Stored items
══════════════════════════════
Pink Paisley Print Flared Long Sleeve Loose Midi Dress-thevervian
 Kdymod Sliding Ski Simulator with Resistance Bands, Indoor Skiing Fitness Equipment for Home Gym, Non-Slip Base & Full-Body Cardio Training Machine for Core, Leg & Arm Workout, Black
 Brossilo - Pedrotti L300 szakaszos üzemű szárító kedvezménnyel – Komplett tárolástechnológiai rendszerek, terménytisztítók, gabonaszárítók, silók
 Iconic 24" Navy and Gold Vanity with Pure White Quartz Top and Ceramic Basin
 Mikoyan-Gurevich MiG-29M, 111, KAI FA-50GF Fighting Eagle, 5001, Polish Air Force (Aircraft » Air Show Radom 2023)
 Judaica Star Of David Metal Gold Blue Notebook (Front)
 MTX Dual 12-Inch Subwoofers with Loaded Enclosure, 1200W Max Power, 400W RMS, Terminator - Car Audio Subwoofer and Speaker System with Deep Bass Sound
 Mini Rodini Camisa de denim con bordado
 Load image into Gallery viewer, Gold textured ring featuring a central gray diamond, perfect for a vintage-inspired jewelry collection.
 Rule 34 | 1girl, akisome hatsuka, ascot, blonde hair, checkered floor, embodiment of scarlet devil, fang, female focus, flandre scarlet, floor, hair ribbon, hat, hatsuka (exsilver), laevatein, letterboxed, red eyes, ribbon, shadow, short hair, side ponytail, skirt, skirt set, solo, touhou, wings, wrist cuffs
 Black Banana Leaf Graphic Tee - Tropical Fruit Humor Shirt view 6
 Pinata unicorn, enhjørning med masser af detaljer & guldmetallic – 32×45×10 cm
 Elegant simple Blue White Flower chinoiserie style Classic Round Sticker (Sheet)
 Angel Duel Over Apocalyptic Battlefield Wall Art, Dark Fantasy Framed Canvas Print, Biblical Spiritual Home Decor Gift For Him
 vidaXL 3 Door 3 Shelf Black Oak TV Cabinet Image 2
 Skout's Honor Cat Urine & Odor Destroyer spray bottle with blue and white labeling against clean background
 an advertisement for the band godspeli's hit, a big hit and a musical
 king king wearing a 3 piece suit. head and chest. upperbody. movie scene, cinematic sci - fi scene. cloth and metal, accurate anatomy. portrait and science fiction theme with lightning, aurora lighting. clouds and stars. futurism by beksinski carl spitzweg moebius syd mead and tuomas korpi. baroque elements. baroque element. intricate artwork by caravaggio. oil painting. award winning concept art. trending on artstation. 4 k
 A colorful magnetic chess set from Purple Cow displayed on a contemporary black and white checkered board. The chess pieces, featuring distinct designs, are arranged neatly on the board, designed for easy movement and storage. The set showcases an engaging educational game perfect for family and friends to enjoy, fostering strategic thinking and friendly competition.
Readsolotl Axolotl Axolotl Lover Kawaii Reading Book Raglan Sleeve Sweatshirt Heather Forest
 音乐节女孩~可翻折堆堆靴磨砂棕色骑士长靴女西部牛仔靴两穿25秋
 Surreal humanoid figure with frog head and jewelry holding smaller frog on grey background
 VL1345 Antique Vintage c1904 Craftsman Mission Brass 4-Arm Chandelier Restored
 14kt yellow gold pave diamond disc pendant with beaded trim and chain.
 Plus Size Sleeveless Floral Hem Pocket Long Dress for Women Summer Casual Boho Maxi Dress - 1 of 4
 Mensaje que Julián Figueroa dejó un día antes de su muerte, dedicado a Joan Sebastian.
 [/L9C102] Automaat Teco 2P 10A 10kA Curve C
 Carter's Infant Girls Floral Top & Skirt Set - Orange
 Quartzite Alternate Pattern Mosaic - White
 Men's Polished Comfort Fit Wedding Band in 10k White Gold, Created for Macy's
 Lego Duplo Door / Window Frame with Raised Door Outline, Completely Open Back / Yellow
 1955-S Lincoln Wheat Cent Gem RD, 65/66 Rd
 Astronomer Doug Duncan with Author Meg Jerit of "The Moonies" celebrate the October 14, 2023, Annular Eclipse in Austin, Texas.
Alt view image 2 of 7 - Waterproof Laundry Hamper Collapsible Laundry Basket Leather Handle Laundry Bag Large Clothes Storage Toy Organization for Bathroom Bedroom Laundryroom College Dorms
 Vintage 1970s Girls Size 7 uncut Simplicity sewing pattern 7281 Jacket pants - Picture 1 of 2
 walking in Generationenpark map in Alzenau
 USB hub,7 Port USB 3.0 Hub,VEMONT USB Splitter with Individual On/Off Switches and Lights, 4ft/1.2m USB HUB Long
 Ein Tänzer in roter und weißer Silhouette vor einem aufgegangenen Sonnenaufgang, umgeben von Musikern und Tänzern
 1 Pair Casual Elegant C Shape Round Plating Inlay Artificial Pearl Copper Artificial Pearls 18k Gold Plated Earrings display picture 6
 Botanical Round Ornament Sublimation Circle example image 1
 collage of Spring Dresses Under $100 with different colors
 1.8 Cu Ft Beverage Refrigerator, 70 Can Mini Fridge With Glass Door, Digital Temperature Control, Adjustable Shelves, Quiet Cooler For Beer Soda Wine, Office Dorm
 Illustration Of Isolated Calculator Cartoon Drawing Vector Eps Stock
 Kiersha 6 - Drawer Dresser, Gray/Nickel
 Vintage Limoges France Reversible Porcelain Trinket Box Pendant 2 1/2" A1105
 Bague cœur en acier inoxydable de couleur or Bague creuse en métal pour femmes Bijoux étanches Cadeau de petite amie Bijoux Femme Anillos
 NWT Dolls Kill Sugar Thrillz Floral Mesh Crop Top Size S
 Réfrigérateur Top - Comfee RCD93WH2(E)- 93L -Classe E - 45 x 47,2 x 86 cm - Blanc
══════════════════════════════
### Work request
Set down exactly the lines of the data above, beginning with the line that has "Readsolotl Axolotl Axolotl" and ending with the line that has "VL1345 Antique Vintage", and no others.

### Worked solution
Readsolotl Axolotl Axolotl Lover Kawaii Reading Book Raglan Sleeve Sweatshirt Heather Forest
 音乐节女孩~可翻折堆堆靴磨砂棕色骑士长靴女西部牛仔靴两穿25秋
 Surreal humanoid figure with frog head and jewelry holding smaller frog on grey background
 VL1345 Antique Vintage c1904 Craftsman Mission Brass 4-Arm Chandelier Restored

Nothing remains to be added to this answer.